This article is more than 1 year old
Cerebras's Condor Galaxy AI supercomputer takes flight carrying 36 exaFLOPS
Nine-site system built for UAE's G42, but there'll be plenty to spare
AI biz Cerebras has unveiled its Condor Galaxy supercomputer, a distributed cluster that, when complete, will span nine sites capable of 36 exaFLOPS of combined FP16 performance.
The company revealed the first phase of the system Thursday, which was built for the United Arab Emirates' G42, a multinational conglomerate with an interest in AI research and development, using Cerebras's CS-2 accelerators to power the process.
Cerebras's accelerators aren't like the GPUs or AI accelerators that you'll find in most AI clusters today. They don't come as PCIe cards or SXM modules like Nvidia's H100.
Instead, the company's WSE-2 are massive, dinner-plate sized affairs, each of which houses 850,000 cores and 40GB of SRAM capable of 20PBps of bandwidth. That's an order of magnitude faster than the HBM typical of other accelerators. Each of these wafers pack a dozen 100Gbps interfaces that allow the system to be extended to up to 192 systems.
Condor Galaxy coalesces
In its current form, Condor Galaxy 1 (CG-1) spans 32 racks, each of which is equipped with the chipmaker's waferscale CS-2 accelerators, making it twice the size of Cerebras's Andromeda system we looked at last year.
For the moment, CG-1 has 32 of these systems, which are fed by 36,352 AMD Epyc cores. Assuming Cerebras has stuck with AMD's 64-core CPUs, that works out to 568 sockets. We've asked Cerebras for clarification as this doesn't divide neatly into 32 racks, although some systems in the cluster no doubt fill ancillary roles.
Put together, the machine packs 41TB of memory – though the WSE-2 wafer's SRAM only accounts for 1.28TB of that – 194 Tbps of internal bandwidth, and peak performance of two exaFLOPS. But before you get too excited, we'll remind you that these aren't the same exaFLOPS we expect to see from Argonne's newly completed Aurora supercomputer.
HPC systems are measured in double precision (FP64), often using the LINPACK benchmark. AI systems on the other hand don't benefit from this level of precision and can get away with FP32, FP16, FP8, and sometimes even Int8 calculations. In this case, Cerebras's systems achieve their most flattering figures in FP16 with sparsity.
While two exaFLOPS of FP16 is impressive on its own, this is only half the setup. When complete, the roughly $100 million system will span 64 racks each with a CS-2 accelerator.
We're told the system should scale linearly so that the complete cluster will deliver four exaFLOPS of sparse FP16 performance – four times that of Andromeda. Cerebras expects to complete installation of the final 32 racks within the next three months.

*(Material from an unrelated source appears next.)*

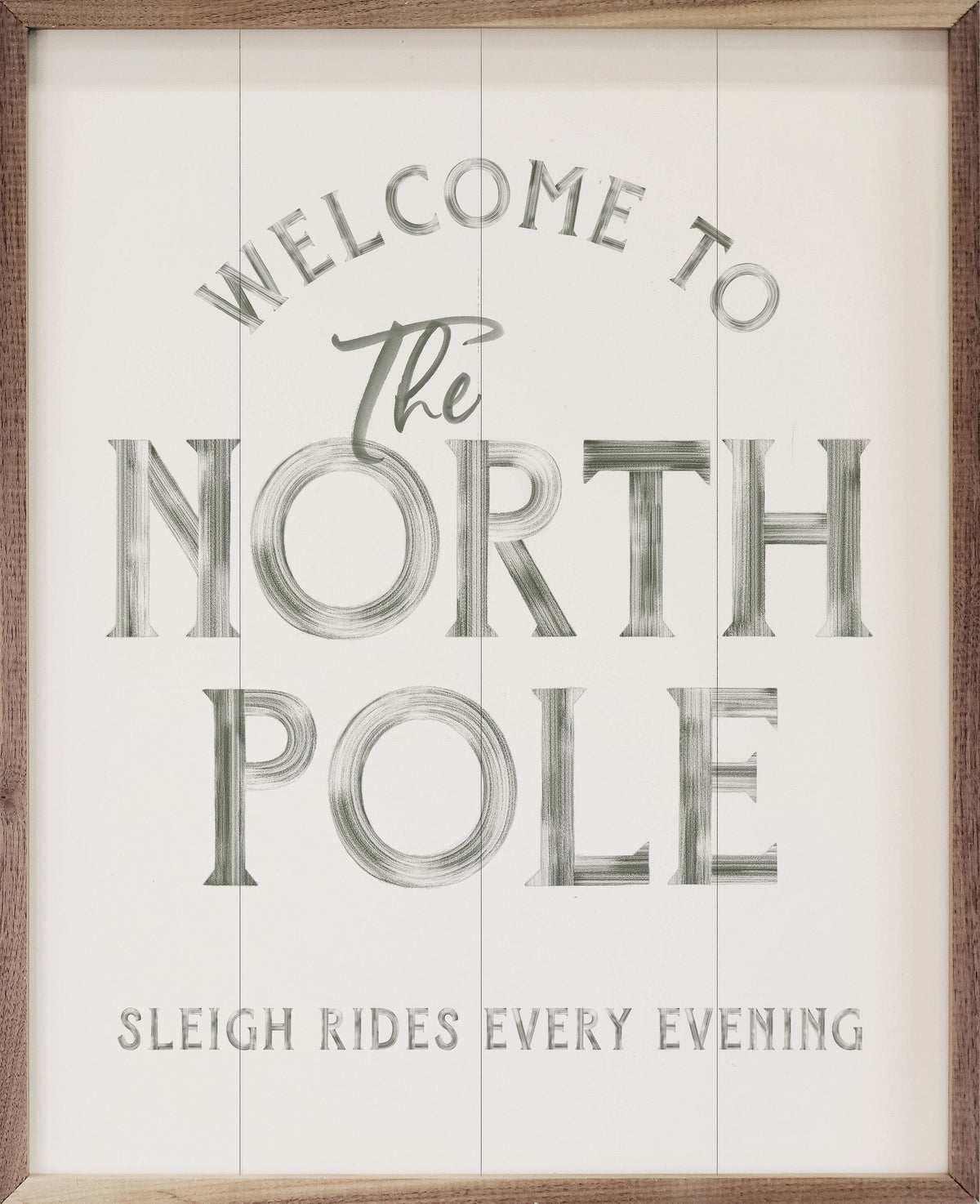 Welcome To The North Pole Printed and Framed Wall Sign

Cerebras's completed Condor Galaxy 1 supercomputer will span 64 racks, each equipped with its waferscale accelerators
A distributed AI supercomputer
Of course, four exaFLOPS of AI performance commands a substantial amount of power and thermal management. Assuming linear scaling from Andromeda, we estimate the system is capable of drawing upwards of two megawatts.
Because of this, Cerebras is housing the system at Colovore's Santa Clara facility. The colocation provider specializes in high-performance compute and AI/ML applications, and recently revealed racks capable of cooling up to 250 kilowatts.
"This is the first of three US-based massive supercomputers that we will build with them in the next year," Cerebras CEO Andrew Feldman told The Register.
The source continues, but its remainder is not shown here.